[Anthropgrad] 2 CAEPR Seminars: K Ferro: 5/11/2008 On Noel Pearson, K Sullivan: 13/11/2008 Indigenous relations with the Justice System
Katarina Ferro
katarina.ferro at anu.edu.au
Fri Oct 31 08:58:24 EST 2008
Please check out both dates:
CAEPR Seminar: Wednesday 5 November 2008; 12.30-2pm; AD Hope Bdg,
Humanities Conference Room
On Noel Pearson
Katarina Ferro; CAEPR PhD Scholar
There can be no doubt that Noel Pearson is not only a national leader in
policy development, he is also a controversial figure who manages to
split the interested public, academia, journalists and politicians into
candid supporters or staunch critics. To research such a polarising
personality’s work and personal background is particularly challenging.
On the first glance Noel Pearson seems to have very a clear vision, aims
and his one big project – the welfare reform project in the Cape York
Peninsular. But Pearson’s range of addressed topics, his ‘ideology’ and
especially his relationship to the major political parties in Australia
are a lot more complex than superficially apparent. I argue that Noel
Pearson has not completely given up on the indigenous rights agenda and
that ‘his language of rights’ is merely differently prioritised and
defined than in conventional discourse of the political left or right
factions. I also want to argue that his success with the last and
current government, among other reasons, lies less with his positioning
in the “radical centre” than with political pragmatism or even
opportunism on both sides – Pearson’s as well as on the governments side.

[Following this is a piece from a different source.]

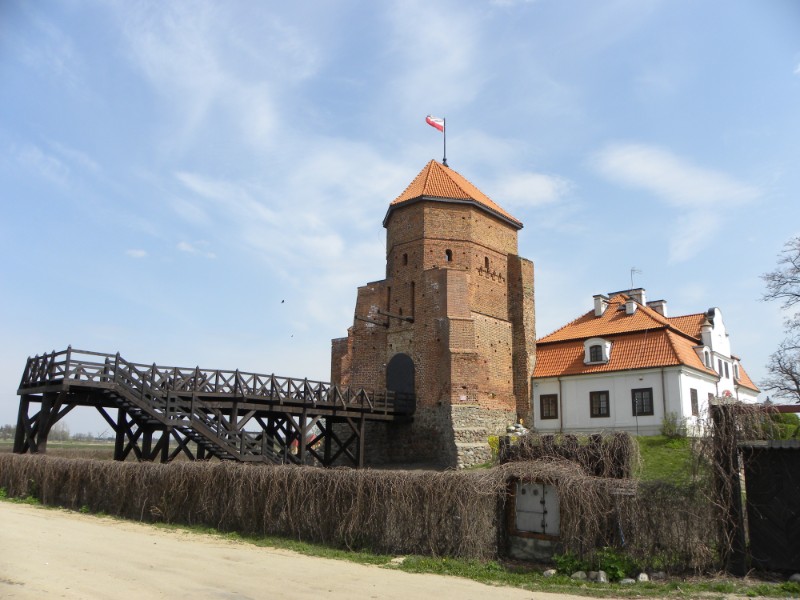 Zamek w Liwie z tarasem widokowym.  fot. sej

As part of my PhD thesis on the ‘Language of Rights’, this paper
investigates these issues on the bases of some of Pearson’s
publications, speeches, reports and media appearances from 1993 till
2007 and presents work in progress.
CAEPR Seminar: Thursday 13 November 2008, 12.30-2pm Hanna Neumann Bdg
21, CAEPR Seminar Room
Indigenous relations with the Justice System in NSW
Pre-field Seminar by Kate Sullivan, PhD Scholar, CAEPR
Aboriginal people are imprisoned at 15 times the rate of non-Indigenous
people. A great deal the over-representation of Indigenous people in
prison is a result of re-offence. Much of the literature has focused on
the why this over representation occurs most often relying on broad
statistical analysis. Some post colonial analysis has placed emphasis on
resistance theories. There has been little or no attempt to understand
Aboriginal pathways into and out of the criminal justice system from the
perspective of Aboriginal offenders themselves. Despite the high levels
of offence and re-offence most people cease offending by the time they
reach 40 years of age. The aim of the project is to understand the
circumstances and motivations of serial offenders' desistance from
crime. This seminar will briefly review the literature about desistance
from crime drawing out some themes for exploration in the field and
explore how an anthropological methodology including recording the life
histories of ex-offenders (located in a regional centre of NSW) might
inform policy development and the largely structuralist approaches of
criminology. This ethnographic approach is designed to record the lived
experience of offenders and their families, to reveal the nature of
their sociality and to add richness to criminological explanations.